Stored dataset items
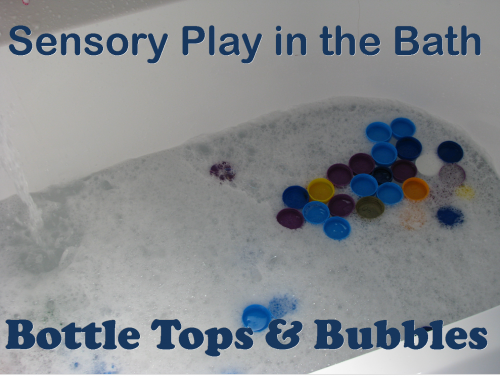 Bath activity ideas for kids and toddlers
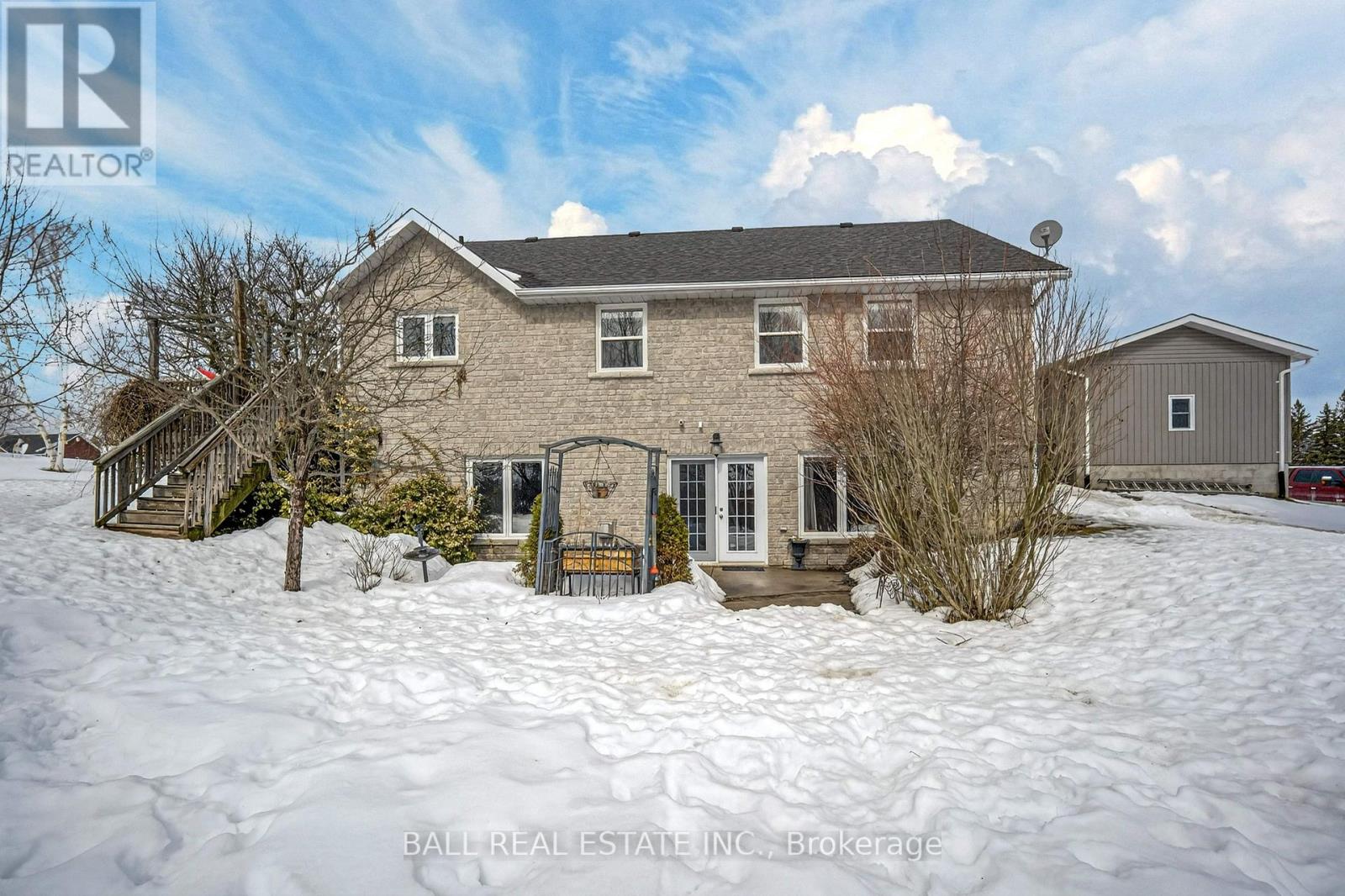 35 Applewood Drive, Trent Hills (Campbellford), Ontario  K0L 1L0 - Photo 35 - X12872076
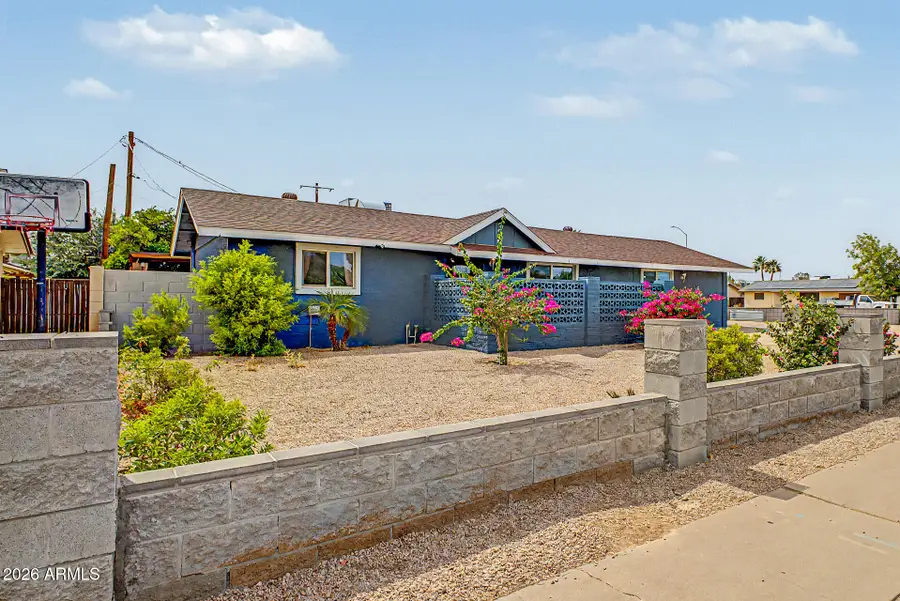 1038 S Drew Street, Mesa, AZ 85210 - #2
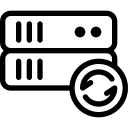 Free backup web hosting by DronaHost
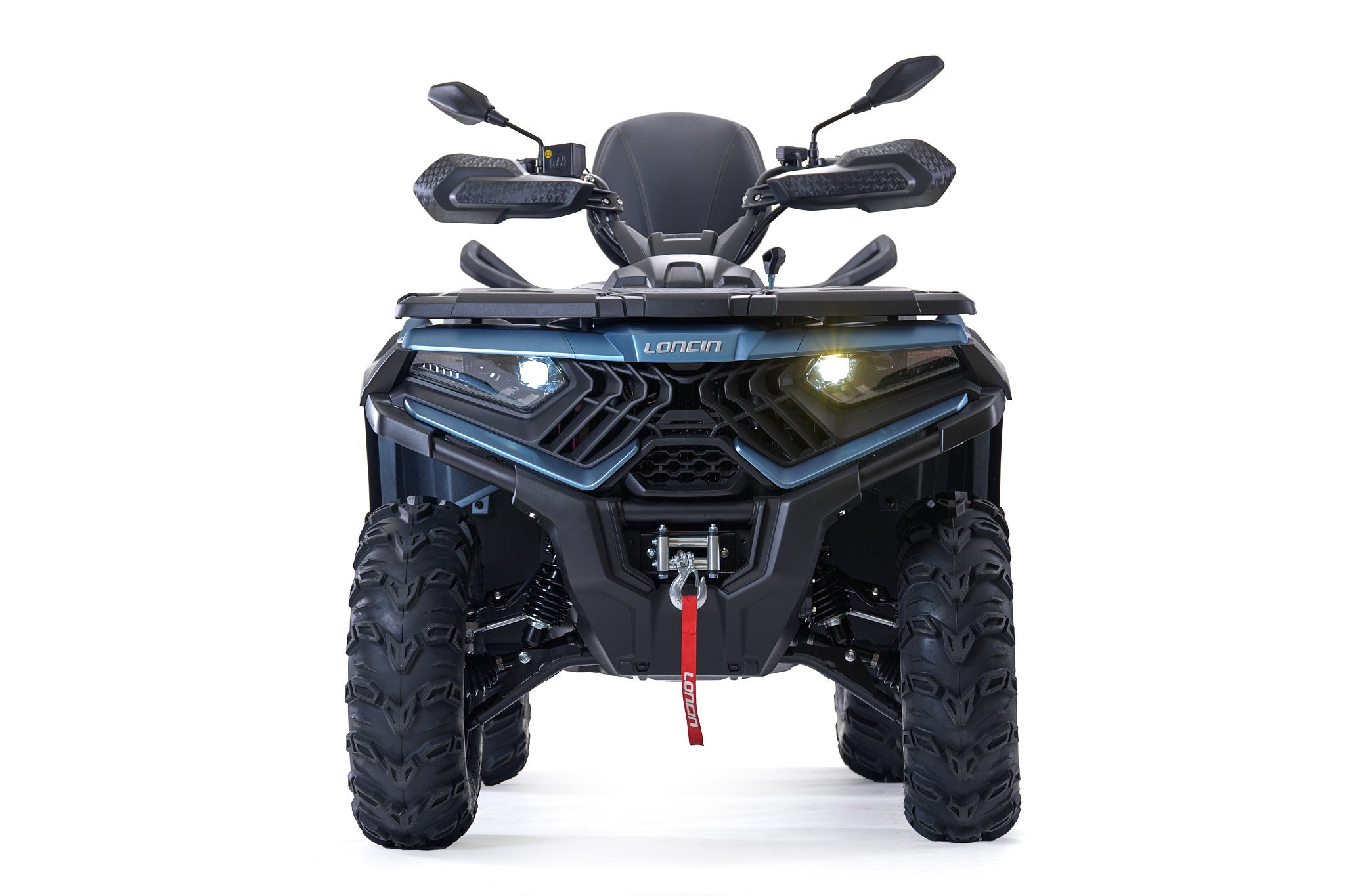 XWOLF 700 L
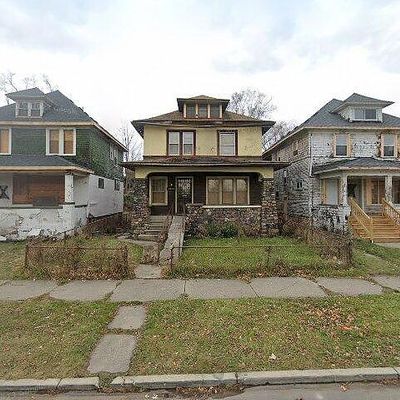 4036 Columbus St, Detroit, MI 48204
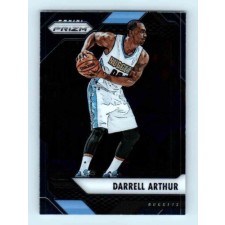Panini 2016-17 Prizm Basketball Base #180 Darrell Arthur gyűjthető kártya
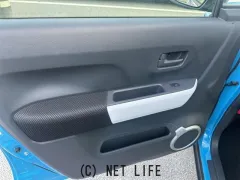 スズキ ハスラー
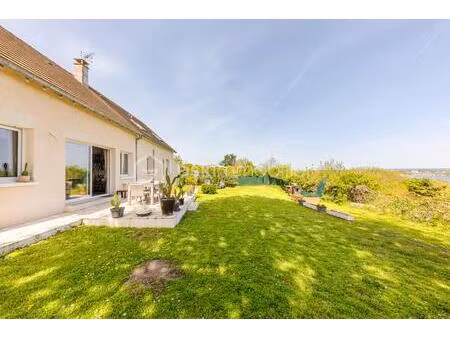 maison de 141 m² à andresy
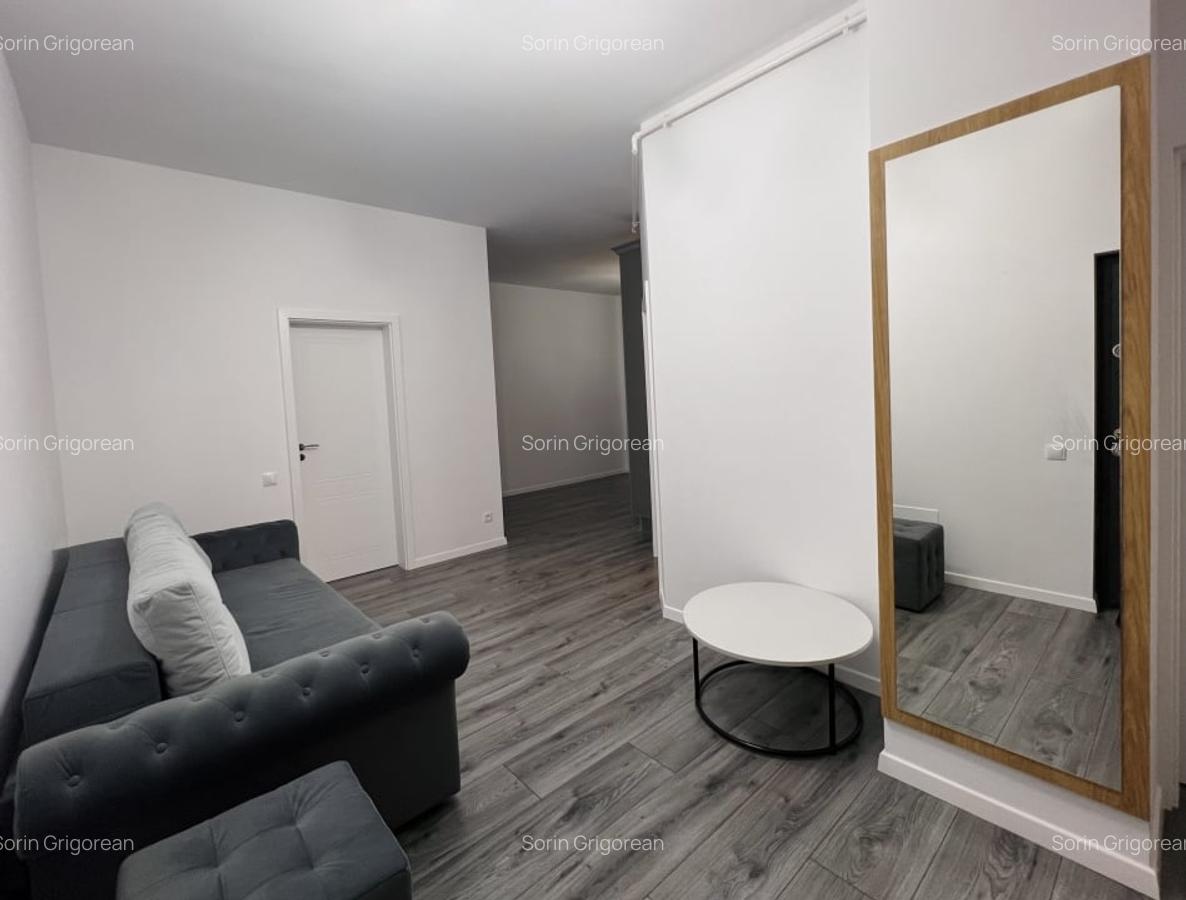 Campina 10. Bloc nou. 3 camere. Parcare. - 5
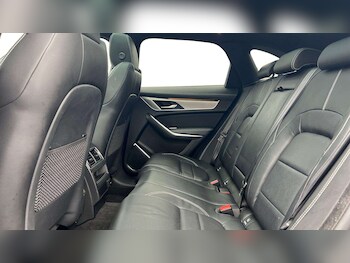 Used Jaguar F-Pace 2021 for sale - 77334087: Photo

What to produce ▸ Take the lines from the first line of the entries through the line with "maison de 141 m² à andresy", inclusive, and give them again exactly, minus any pictures.

Completed task ▸
 Bath activity ideas for kids and toddlers
 35 Applewood Drive, Trent Hills (Campbellford), Ontario  K0L 1L0 - Photo 35 - X12872076
 1038 S Drew Street, Mesa, AZ 85210 - #2
 Free backup web hosting by DronaHost
 XWOLF 700 L
 4036 Columbus St, Detroit, MI 48204
Panini 2016-17 Prizm Basketball Base #180 Darrell Arthur gyűjthető kártya
 スズキ ハスラー
 maison de 141 m² à andresy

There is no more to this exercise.